I didn’t know much about John Milton’s comparison, and I find the discussion by Moses quite a learning experience for me. Moses suggests why Milton turned to republican Rome and the idealized version of the Roman Senate as a way of preserving freedom in his own time.
I find Evrigenis’s “crucial lesson” quite enlightening. Again, the paper notes why the Roman Senate played a big role in appealing to later readers “trapped in far less impressive states.” The discussion of Bodin is equally important. The last paragraph of Evrigenis’s reflection is fitting and convincing. All in all, I find reading the essays a truly educational experience. Enriching.
I ask myself, what can I do with this learning? How can I pass it on to others, in class and beyond? And for what compelling reason?
More specifically, the large question remains: what slices of history are worth examining today? How would we go about it, methodologically? If we find an interpretation meaningful, is it worth sharing with others? And what happens if others don’t accept it? All this to say that we need to confront the challenge of cognition. Two points in this regard.
The first comes from the introductory chapter of a work that Mark Sproule Jones, Barbara Allen, and I edited on Vincent Ostrom’s quest to understand human affairs (2008). We wrote about normative and empirical inquiries into systems of governance, how human communities struggle to devise and sustain productive relationships internally among their members and externally with other communities. Somehow I think the discussion on the Roman Senate is part of that inquiry, as a way of understanding the origins of institutions.
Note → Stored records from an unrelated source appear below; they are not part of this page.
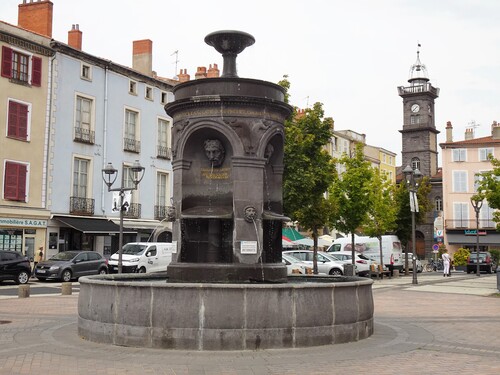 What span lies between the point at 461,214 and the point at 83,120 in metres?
44.6

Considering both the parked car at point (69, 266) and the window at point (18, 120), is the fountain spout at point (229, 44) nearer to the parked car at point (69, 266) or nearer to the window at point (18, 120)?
the parked car at point (69, 266)

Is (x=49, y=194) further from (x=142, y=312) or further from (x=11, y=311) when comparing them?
(x=142, y=312)

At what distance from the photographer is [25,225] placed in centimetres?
3300

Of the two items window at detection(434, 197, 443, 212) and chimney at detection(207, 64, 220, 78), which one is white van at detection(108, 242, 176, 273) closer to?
chimney at detection(207, 64, 220, 78)

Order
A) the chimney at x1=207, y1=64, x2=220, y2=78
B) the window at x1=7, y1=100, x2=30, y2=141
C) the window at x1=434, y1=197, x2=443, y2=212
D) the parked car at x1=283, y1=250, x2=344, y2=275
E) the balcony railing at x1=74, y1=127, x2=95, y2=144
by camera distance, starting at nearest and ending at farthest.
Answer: the parked car at x1=283, y1=250, x2=344, y2=275, the window at x1=7, y1=100, x2=30, y2=141, the balcony railing at x1=74, y1=127, x2=95, y2=144, the chimney at x1=207, y1=64, x2=220, y2=78, the window at x1=434, y1=197, x2=443, y2=212

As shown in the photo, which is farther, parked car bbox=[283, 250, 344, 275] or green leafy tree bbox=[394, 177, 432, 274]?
green leafy tree bbox=[394, 177, 432, 274]

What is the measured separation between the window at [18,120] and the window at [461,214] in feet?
158

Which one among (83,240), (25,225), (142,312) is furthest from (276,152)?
(83,240)

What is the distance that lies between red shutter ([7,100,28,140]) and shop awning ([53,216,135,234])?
5019mm

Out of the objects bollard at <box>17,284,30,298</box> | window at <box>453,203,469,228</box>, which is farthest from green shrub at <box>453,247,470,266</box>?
bollard at <box>17,284,30,298</box>

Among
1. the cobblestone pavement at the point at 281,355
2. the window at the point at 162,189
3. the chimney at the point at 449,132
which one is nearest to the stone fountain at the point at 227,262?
the cobblestone pavement at the point at 281,355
The second point. Reading the essays I was reminded of a point that Schumpeter made long ago and it may be worth recalling. He wrote about the social imagination of the observer before he starts on a particular topic. What is it that leads some, like Milton and Moses here, to focus on limiting power and others, like Evrigenis, on other topics, no less important, to be sure? In his history of economic analysis (1954) Schumpeter calls this “a pre-analytic cognitive act.” He labels this pre-analytic act “vision.” Visions, in Schumpeter’s view, precede the emergence of analytical efforts. Schumpeter may no longer be a popular read but I wonder if his ideas about pre-analytic cognitive acts are worth considering for the intellectual context of what we have read about the Roman Senate in the initial essay and subsequent additions.